**TASK GOAL**
In the records below, find the line with "Panama City Beach" and the line with "1404 Windhill Court Greenbrier TN 37073"; return exactly those lines and every line between them.

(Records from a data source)
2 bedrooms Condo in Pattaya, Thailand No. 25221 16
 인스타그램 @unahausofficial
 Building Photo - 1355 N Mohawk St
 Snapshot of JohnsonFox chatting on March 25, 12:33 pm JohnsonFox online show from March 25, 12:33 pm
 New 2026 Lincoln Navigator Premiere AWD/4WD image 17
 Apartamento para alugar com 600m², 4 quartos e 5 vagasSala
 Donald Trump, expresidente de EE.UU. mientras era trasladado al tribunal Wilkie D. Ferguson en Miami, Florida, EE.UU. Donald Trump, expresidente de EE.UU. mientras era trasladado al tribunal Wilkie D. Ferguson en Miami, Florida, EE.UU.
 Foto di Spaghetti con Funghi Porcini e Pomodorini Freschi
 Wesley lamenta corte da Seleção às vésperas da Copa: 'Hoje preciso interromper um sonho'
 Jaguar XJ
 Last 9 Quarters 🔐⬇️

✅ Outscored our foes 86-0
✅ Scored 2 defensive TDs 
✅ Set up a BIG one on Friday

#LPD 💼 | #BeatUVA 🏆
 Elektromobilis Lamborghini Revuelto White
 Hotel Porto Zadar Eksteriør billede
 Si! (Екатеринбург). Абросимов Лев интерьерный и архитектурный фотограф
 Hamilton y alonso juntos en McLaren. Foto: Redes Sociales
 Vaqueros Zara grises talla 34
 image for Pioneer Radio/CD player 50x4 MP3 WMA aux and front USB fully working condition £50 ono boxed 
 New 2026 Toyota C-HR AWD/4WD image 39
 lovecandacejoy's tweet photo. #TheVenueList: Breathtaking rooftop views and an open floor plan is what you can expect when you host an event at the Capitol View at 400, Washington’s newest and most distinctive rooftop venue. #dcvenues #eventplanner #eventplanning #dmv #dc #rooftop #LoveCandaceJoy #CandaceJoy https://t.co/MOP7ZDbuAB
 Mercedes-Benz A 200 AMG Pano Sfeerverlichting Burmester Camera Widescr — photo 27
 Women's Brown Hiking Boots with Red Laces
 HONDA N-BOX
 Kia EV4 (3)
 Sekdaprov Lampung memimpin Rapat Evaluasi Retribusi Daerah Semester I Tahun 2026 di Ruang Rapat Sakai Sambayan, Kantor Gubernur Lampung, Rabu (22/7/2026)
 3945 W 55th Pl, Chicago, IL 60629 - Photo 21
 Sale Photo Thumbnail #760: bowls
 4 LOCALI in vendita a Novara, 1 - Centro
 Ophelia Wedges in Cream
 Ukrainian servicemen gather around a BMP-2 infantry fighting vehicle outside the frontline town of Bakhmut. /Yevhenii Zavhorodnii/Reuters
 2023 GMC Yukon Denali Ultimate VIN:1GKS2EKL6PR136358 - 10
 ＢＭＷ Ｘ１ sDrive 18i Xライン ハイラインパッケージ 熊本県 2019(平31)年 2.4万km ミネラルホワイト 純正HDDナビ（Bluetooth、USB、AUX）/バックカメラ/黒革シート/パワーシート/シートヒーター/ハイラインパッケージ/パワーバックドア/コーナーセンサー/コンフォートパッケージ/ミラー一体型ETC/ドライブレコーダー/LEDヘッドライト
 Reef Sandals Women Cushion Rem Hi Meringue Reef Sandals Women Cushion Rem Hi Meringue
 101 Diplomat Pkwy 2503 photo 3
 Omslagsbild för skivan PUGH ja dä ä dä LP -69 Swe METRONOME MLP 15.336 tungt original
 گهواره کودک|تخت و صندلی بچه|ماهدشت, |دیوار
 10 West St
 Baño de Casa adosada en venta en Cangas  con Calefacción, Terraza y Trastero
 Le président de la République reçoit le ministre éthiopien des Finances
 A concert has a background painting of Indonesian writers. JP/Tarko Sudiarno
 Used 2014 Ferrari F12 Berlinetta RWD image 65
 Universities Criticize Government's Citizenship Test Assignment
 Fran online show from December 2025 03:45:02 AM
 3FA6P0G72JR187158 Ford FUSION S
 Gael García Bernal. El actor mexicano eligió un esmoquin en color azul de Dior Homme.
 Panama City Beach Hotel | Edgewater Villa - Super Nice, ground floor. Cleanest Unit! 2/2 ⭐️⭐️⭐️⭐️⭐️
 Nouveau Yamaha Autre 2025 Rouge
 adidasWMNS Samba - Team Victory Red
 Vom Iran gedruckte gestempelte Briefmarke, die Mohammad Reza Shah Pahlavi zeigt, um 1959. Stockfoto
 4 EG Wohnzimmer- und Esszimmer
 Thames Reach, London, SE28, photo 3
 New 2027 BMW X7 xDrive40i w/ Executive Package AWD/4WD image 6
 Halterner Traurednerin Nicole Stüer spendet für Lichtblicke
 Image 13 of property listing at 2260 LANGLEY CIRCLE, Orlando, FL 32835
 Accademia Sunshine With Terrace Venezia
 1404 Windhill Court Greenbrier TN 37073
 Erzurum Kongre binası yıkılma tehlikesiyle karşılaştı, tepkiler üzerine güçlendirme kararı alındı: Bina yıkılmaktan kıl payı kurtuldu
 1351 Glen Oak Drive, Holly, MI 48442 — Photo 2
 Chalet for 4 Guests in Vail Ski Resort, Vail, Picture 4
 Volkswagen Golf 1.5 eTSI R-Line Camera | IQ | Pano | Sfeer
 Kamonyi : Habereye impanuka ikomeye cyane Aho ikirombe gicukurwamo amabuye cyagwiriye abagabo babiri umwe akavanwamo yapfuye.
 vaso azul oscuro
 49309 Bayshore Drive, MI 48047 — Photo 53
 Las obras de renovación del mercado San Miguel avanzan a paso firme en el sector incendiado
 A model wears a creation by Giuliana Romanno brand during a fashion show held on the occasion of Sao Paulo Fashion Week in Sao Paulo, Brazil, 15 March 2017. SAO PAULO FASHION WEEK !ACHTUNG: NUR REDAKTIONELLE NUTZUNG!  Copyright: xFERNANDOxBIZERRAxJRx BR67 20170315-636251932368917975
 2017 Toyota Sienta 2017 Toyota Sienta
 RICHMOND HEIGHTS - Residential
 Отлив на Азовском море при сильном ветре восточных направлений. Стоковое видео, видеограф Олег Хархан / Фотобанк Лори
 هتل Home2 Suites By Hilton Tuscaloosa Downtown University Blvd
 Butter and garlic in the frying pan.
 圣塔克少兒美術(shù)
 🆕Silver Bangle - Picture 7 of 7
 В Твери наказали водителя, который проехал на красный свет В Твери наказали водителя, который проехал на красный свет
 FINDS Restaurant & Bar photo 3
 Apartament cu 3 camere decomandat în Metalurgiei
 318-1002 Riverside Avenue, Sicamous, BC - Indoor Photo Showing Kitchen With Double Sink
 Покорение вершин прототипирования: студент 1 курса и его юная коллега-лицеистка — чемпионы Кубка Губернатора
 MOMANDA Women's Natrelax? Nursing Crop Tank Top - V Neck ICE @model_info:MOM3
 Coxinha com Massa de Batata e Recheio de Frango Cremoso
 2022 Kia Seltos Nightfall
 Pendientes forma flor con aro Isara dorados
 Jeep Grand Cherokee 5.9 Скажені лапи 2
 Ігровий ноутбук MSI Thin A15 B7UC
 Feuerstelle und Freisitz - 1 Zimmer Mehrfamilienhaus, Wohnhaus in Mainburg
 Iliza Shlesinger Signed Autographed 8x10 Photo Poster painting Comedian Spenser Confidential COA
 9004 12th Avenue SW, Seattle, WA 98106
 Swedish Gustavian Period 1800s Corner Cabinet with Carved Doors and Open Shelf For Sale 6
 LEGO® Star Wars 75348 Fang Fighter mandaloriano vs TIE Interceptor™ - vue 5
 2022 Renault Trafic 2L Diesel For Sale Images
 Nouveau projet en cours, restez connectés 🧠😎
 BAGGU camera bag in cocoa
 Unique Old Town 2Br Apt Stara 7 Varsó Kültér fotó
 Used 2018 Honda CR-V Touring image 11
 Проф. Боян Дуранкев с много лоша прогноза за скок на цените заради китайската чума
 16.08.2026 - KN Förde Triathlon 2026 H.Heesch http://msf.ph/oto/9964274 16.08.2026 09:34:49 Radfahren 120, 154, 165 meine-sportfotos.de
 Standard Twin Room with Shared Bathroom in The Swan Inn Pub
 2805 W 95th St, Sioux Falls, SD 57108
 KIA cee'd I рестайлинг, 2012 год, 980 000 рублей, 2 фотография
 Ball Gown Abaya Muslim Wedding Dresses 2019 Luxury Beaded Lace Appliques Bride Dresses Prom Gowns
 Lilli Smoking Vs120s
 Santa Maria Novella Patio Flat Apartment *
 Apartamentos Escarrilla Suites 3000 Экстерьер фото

**SOLVED EXERCISE**
 Panama City Beach Hotel | Edgewater Villa - Super Nice, ground floor. Cleanest Unit! 2/2 ⭐️⭐️⭐️⭐️⭐️
 Nouveau Yamaha Autre 2025 Rouge
 adidasWMNS Samba - Team Victory Red
 Vom Iran gedruckte gestempelte Briefmarke, die Mohammad Reza Shah Pahlavi zeigt, um 1959. Stockfoto
 4 EG Wohnzimmer- und Esszimmer
 Thames Reach, London, SE28, photo 3
 New 2027 BMW X7 xDrive40i w/ Executive Package AWD/4WD image 6
 Halterner Traurednerin Nicole Stüer spendet für Lichtblicke
 Image 13 of property listing at 2260 LANGLEY CIRCLE, Orlando, FL 32835
 Accademia Sunshine With Terrace Venezia
 1404 Windhill Court Greenbrier TN 37073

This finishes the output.